Thanks to Cervantes Yu (Nuwa’s primary author), along with those who helped, including Thinker Li, Fabrice Desré, and Kyle Huey.

A slimmer and faster pdf.js

TL;DR: Firefox’s built-in PDF viewer is on track to gain some drastic improvements in memory consumption and speed when Firefox 29 is released in late April.

Firefox 19 introduced a built-in PDF viewer which allows PDF files to be viewed directly within Firefox. This is made possible by the pdf.js project, which implements a PDF viewer entirely in HTML and JavaScript.

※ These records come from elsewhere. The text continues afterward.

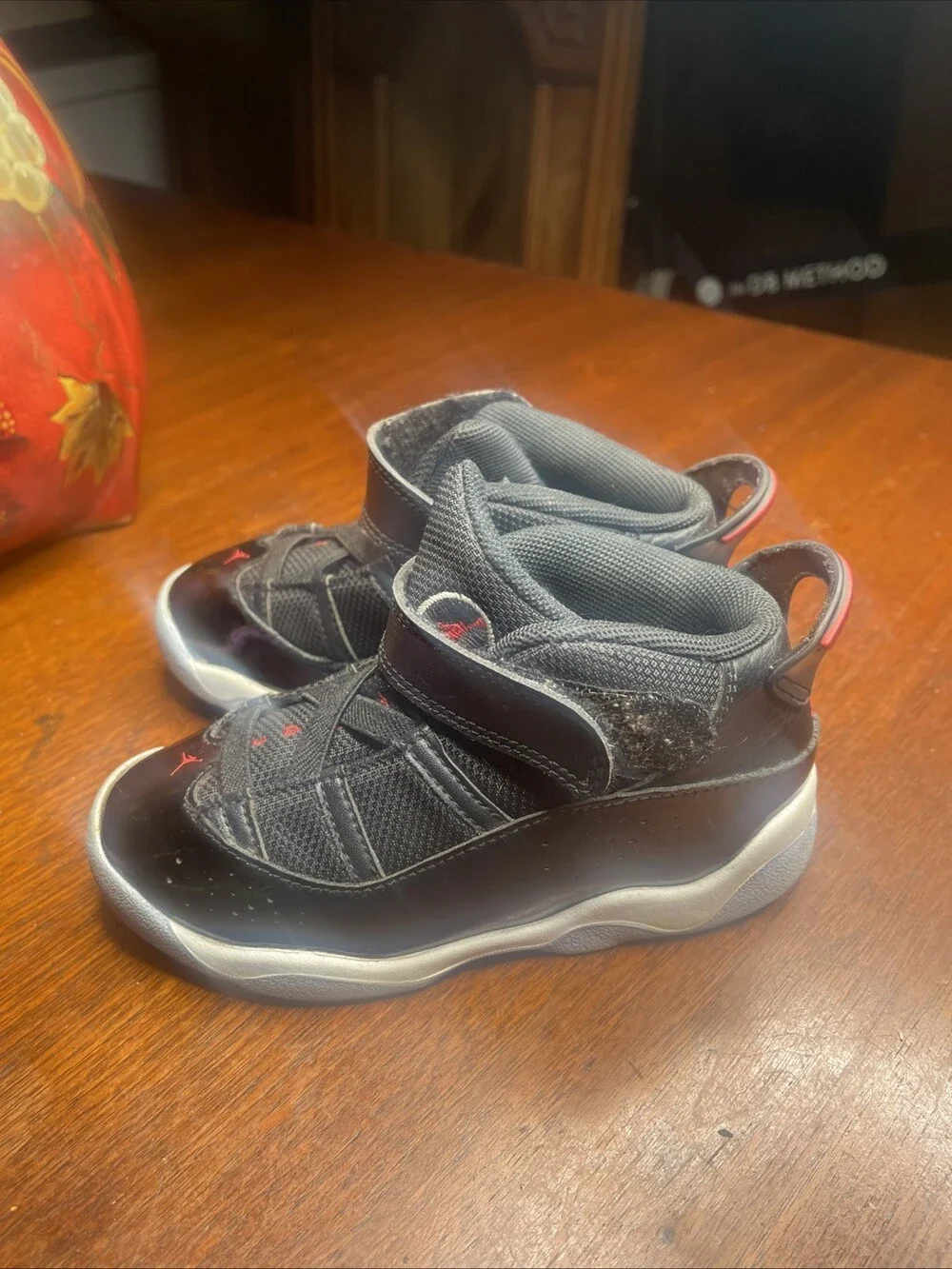 Nike Jordan Toddler's 6 Rings Black Leather Sneakers 323420 064 Size 10C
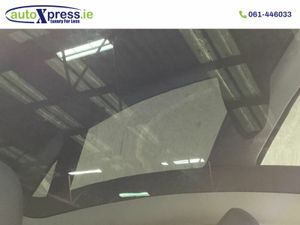 Tesla Model Y LONG RANGE Dual motor AWD, Reversing - Image 4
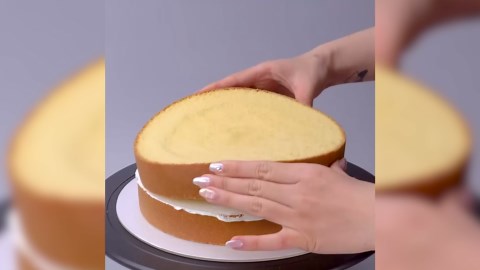 Delicious Fruit Cake Decorating Ideas | Stunning Berry-Inspired Designs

This is a wonderful feature that makes the reading of PDFs on websites much less disruptive. However, pdf.js unfortunately suffers at times from high memory consumption. Enough, in fact, that it is currently the #5 item on the MemShrink project’s “big ticket items” list.

Recently, I made four improvements to pdf.js, each of which reduces its memory consumption greatly on certain kinds of PDF documents.

Image masks

The first improvement involved documents that use image masks, which are bitmaps that augment an image and dictate which pixels of the image should be drawn. Previously, the 1-bit-per-pixel (a.k.a 1bpp) image mask data was being expanded into 32bpp RGBA form (a typed array) in a web worker, such that every RGB element was 0 and the A element was either 0 or 255. This typed array was then passed to the main thread, which copied the data into an ImageData object and then put that data to a canvas.

The change was simple: instead of expanding the bitmap in the worker, just transfer it as-is to the main thread, and expand its contents directly into the ImageData object. This removes the RGBA typed array entirely.

I tested two documents on my Linux desktop, using a 64-bit trunk build of Firefox. Initially, when loading and then scrolling through the documents, physical memory consumption peaked at about 650 MiB for one document and about 800 MiB for the other. (The measurements varied somewhat from run to run, but were typically within 10 or 20 MiB of those numbers.) After making the improvement, the peak for both documents was about 400 MiB.

Image copies

The second improvement involved documents that use images. This includes scanned documents, which consist purely of one image per page.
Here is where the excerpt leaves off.